Friday, June 8, 2012

The day Larry Schweiger told me we hit 400


That would be May 31, 2012. John Quigley, former secretary of the Pennsylvania Department of Conservation and Natural Resources and I were having lunch with Larry who is the CEO of the National Wildlife Federation. Our conversation turned to our shared concern about the increasingly partisan and polarized political environment in Washington and the state capitals. As we see it, there is posturing but no problem solving.  

Then Larry said, “Carbon dioxide concentrations hit 400 parts per million over the Arctic.”   

I think I will remember where I was when I heard that in the way I remember where I was the day John Kennedy got shot or where I was when the planes hit the twin towers.
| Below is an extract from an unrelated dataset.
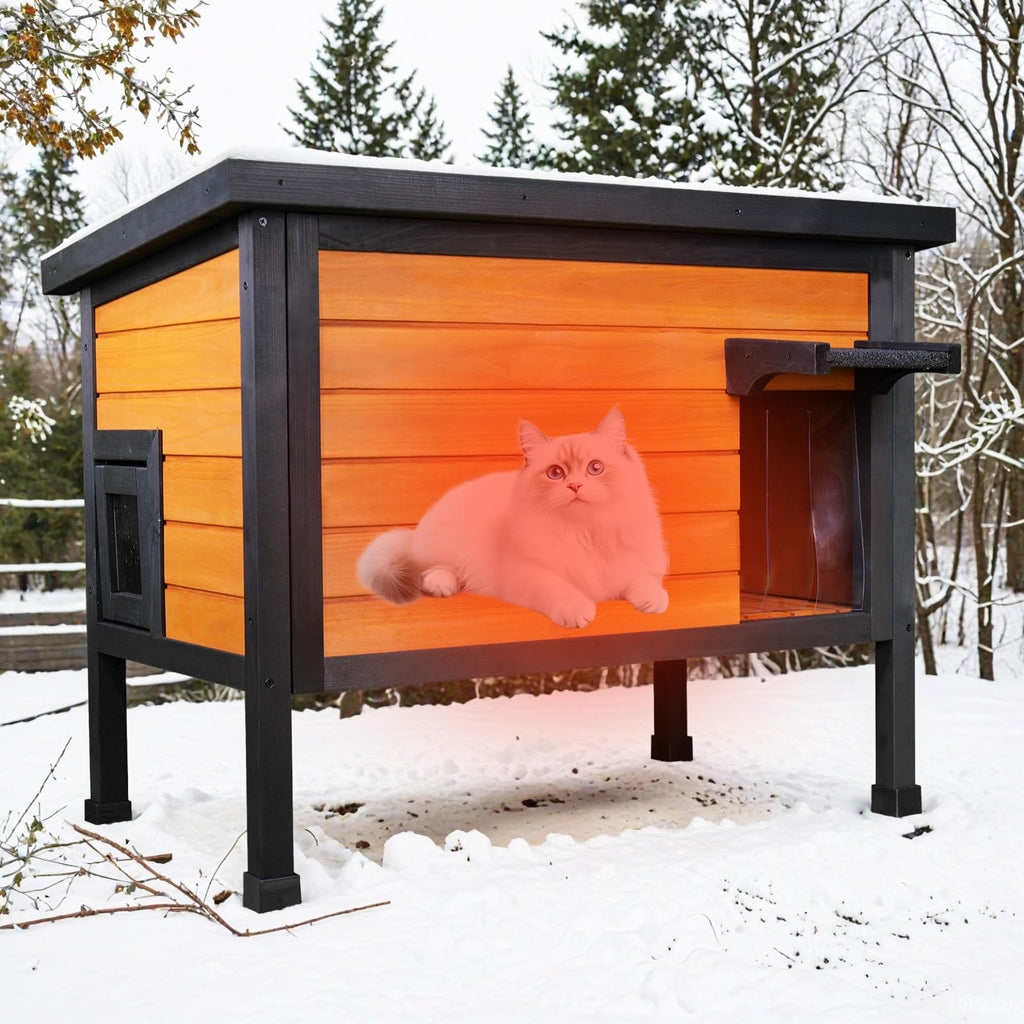 Outdoor Insulated Wooden Cat House Z13800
That is a milestone that humanity should never have gone past.

Even most denier “scientists” will concede that increased levels of carbon dioxide (CO2) in the earth’s atmosphere have always been directly associated with higher temperatures. The deniers go off the rails when they insist that the current warming that we are undeniably experiencing is part of a natural cycle that we humans have no influence over. When you consider that we pumped more than 34.8 billion tons of CO2 into the air last year, a 3.2 percent over 2011, you have to wonder how denier scientists reach that illogical conclusion. 
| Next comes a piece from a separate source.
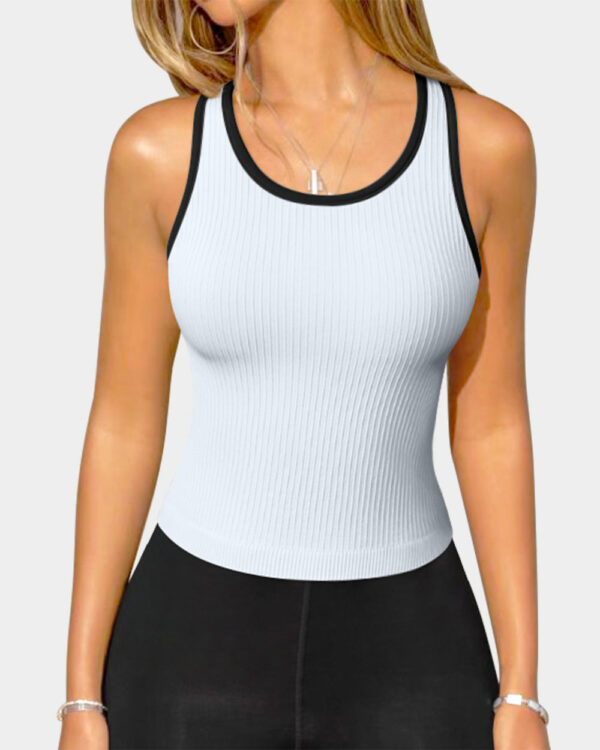 Crew neck causal tank Tops - Image 2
Most reputable climate scientists agree that in order to slow the warming and stabilize our increasingly erratic climate, we need to get atmospheric CO2 concentrations down to 350 parts per million. At that level, climate models predict that the earth would warm, but only by 2 degrees Celsius. But our increasing CO2 emissions are putting us on track for a 6 degree Celsius increase or 11 degrees Fahrenheit.  

That would be dangerous. Look what’s happening now. The National Oceanic and Atmospheric Administration (NOAA) just released its report on spring weather. The period between March and May was the hottest on record – a whopping 5.2 degrees Fahrenheit above the average. 
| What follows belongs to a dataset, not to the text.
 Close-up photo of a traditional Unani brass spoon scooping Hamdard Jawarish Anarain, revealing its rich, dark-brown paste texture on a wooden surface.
This is an emergency plain and simple. But the world just fiddles. In the US climate policy has been stalled since Congress failed to enact climate legislation in 2009. Anti-science climate denial is the official position of the Republican Party. Their majority in the House of Representatives and their stranglehold on Senate deliberations prevent any clean energy legislation, let alone pro-active climate policy, from advancing. Their only stated priority is defeat of the president regardless of how urgent other public business may be. They are held in line by the iron discipline of Koch brother money and the threat of primary challenges should they violate Grover Norquist’s no-tax dogma. 

So, by design, nothing is getting done to address the biggest environmental, economic and social challenge of our generation. Tragically, Republican leaders are bringing their faithful along on this blind plunge into climate chaos. There used to be a bi-partisan consensus about the need for tough environmental regulations. Now the Pew Research Center finds that consensus has been broken along partisan lines with Republican support for strict environmental regulations falling by 40 points since 1992.  

We have the tools to begin to aggressively rein in our CO2 emissions – wind and solar energy backed up by nimble gas-fired power plants, electric cars, smart meters, ever more energy efficient technologies, but we need the policies to scale these alternatives up. Getting to 450 parts per million is not an option. The longer we wait to walk that road, the harder it will be to get our grandchildren home to a safe, stable planet.